Wednesday, September 4, 2013

THE STORY SO FAR: YR2 PART 2: WEDNESDAY

EVERYTHING YOU NEED TO KNOW ABOUT DRONES—AND WRITING (I’m only exaggerating a little)

AND MY THOUGHTS ON WHERE THE REAL THREATS LIE

Mark Bowden is best known for for his book, BLACKHAWN DOWN, and the movie which followed.

His latest piece in The Atlantic (one of may favorite magazines) is a 10,000 word tour-de-force entitled The Killing Machines: How To Think About Drones. It is about as fine an example of current long-form journalism as you are likely to encounter.

Many subjects are far too complex to be explored and explained in a typical media article of 1,000 words or less – yet for years articles have been getting shorter and shorter to the great detriment of the understanding of the American public. Bowden’s remarkable piece shows what we can be done if the writer has adequate maneuvering space. In the business, we call it long-form journalism. It used to be routine, if the content justified it. Then print discovered the ‘sound bite.’

Here is a brief extract from this throwback to fine writing:

Drones collect three primary packages of data: straight visual; infrared (via a heat-sensing camera that can see through darkness and clouds); and what is called SIGINT (Signals Intelligence), gathered via electronic eavesdropping devices and other sensors. One such device is known as LIDAR (a combination of the words light and radar), which can map large areas in 3‑D. The optical sensors are so good, and the pixel array so dense, that the device can zoom in clearly on objects only inches wide from well over 15,000 feet above. With computer enhancement to eliminate distortion and counteract motion, facial-recognition software is very close to being able to pick individuals out of crowds. Operators do not even have to know exactly where to look.

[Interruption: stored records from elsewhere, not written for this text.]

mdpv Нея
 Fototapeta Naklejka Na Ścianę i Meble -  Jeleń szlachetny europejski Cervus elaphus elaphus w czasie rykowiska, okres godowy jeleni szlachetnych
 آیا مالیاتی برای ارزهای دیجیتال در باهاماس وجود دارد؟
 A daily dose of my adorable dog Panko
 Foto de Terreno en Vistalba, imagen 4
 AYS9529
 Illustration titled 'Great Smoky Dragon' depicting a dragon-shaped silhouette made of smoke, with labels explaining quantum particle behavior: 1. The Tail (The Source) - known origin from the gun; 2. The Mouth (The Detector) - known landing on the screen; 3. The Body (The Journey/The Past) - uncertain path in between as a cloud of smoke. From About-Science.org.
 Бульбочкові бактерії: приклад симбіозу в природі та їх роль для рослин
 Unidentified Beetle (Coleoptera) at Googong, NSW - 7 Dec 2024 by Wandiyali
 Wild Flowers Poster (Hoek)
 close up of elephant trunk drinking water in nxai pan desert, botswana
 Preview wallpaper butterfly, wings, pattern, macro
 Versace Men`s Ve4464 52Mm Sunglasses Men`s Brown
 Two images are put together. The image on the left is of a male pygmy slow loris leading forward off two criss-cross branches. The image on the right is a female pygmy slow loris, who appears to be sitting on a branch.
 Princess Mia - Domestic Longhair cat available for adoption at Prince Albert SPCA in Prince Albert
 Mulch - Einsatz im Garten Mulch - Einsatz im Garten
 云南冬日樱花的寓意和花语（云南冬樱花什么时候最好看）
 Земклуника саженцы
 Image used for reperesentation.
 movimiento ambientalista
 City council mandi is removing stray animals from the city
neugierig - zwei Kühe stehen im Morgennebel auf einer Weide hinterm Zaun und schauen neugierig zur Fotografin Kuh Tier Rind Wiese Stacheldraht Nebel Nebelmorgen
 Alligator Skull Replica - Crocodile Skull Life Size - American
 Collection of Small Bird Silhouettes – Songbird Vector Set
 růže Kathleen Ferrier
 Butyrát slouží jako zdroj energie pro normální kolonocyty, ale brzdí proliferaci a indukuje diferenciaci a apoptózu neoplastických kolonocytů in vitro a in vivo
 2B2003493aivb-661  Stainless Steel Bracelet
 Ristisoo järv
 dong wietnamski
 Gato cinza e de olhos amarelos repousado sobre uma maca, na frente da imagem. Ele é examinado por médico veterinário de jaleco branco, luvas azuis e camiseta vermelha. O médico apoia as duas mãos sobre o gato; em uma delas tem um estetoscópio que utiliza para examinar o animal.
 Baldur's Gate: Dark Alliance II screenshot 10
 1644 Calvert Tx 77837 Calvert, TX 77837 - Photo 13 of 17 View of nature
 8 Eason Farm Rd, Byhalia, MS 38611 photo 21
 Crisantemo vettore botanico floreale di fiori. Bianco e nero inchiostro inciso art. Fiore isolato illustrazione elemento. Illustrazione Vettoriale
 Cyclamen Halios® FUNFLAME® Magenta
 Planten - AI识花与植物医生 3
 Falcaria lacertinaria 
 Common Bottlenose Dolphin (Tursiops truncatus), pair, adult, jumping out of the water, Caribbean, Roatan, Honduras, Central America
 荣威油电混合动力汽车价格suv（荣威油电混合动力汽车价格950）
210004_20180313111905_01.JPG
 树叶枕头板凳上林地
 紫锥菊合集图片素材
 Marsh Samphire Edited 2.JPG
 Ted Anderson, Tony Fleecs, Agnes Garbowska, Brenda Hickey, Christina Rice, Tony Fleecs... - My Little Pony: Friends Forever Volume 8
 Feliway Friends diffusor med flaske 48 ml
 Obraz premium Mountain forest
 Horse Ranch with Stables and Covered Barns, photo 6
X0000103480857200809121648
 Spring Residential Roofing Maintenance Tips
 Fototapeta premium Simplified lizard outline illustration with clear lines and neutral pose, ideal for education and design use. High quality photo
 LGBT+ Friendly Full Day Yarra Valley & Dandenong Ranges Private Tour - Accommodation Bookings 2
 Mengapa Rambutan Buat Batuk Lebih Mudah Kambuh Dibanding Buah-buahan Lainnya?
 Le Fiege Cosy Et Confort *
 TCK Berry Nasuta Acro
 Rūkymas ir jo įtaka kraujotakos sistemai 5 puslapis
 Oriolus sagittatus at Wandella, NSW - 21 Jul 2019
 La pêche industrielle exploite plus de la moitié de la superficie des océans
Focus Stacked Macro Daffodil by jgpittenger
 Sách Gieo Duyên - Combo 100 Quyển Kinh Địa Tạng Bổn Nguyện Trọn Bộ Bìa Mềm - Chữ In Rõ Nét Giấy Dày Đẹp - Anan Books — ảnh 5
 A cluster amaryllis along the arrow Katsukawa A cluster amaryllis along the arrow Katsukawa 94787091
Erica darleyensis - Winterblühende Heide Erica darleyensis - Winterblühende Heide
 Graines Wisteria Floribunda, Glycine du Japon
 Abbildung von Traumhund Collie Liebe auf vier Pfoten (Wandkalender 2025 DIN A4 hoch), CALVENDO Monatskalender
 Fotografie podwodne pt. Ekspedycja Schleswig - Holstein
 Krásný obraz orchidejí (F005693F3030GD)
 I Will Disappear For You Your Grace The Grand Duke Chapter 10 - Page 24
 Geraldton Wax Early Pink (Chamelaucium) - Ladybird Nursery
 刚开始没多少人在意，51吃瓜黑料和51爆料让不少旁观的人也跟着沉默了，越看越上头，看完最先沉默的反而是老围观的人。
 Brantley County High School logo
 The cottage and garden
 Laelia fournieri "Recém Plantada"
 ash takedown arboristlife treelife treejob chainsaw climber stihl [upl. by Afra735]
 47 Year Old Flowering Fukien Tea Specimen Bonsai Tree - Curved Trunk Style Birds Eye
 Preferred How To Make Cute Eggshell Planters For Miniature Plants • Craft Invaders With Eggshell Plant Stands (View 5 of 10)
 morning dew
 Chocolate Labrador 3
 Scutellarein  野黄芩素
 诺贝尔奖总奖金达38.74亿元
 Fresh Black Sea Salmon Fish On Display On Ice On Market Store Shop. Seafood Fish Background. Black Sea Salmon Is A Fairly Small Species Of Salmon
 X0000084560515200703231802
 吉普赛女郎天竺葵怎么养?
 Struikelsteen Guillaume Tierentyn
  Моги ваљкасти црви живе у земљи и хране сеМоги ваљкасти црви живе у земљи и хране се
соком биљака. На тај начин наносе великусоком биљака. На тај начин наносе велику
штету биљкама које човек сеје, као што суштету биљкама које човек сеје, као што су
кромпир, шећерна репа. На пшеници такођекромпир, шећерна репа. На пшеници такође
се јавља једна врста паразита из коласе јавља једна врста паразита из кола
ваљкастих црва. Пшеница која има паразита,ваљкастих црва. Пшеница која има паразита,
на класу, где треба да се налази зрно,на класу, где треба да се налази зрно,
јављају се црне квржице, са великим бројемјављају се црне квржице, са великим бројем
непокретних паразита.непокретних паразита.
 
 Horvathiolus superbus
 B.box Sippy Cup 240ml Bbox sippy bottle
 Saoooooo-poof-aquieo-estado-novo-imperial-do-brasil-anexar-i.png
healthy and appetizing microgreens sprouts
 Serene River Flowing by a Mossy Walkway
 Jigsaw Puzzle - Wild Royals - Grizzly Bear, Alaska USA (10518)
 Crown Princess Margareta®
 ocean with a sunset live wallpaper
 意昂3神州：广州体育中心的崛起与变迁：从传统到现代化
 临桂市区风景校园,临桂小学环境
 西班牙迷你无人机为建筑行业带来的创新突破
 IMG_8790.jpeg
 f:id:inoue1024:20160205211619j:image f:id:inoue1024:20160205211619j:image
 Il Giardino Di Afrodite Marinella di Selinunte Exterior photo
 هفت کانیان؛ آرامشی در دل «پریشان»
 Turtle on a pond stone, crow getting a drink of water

“We put in the theatre [in 2011] a system called Gorgon Stare,” Lieutenant General Larry James, the Air Force’s deputy chief of staff for intelligence, surveillance, and reconnaissance, told me. “Instead of one soda-straw-size view of the world with the camera, we put essentially 10 cameras ganged together, and it gives you a very wide area of view of about four kilometers by four kilometers—about the size of the city of Fairfax, [Virginia]—that you can watch continuously. Not as much fidelity in terms of what the camera can see, but I can see movement of cars and people—those sorts of things. Now, instead of staring at a small space, which may be, like, a villa or compound, I can look at a whole city continuously for as long as I am flying that particular system.”

What really impressed me—apart from the sheer clarity of the writing—was how much better optics have become; and they are improving all the time.

I was also struck by the feeling that if we put as much effort and resources into solving our various economic and social problems, as we put into the hardware and software of war, the U.S. would be a significantly better place for its inhabitants.

The real threats we face are not emanating from terrorists, or conventional enemies, but from a corrupt political system, a deeply flawed economic system, and endemic social injustice. Our problems are structural, incredibly serious, and we are doing remarkable little to resolve them. Indeed, despite the truly extraordinary surveillance capabilities we now have at our disposal, we don’t even seem to see them.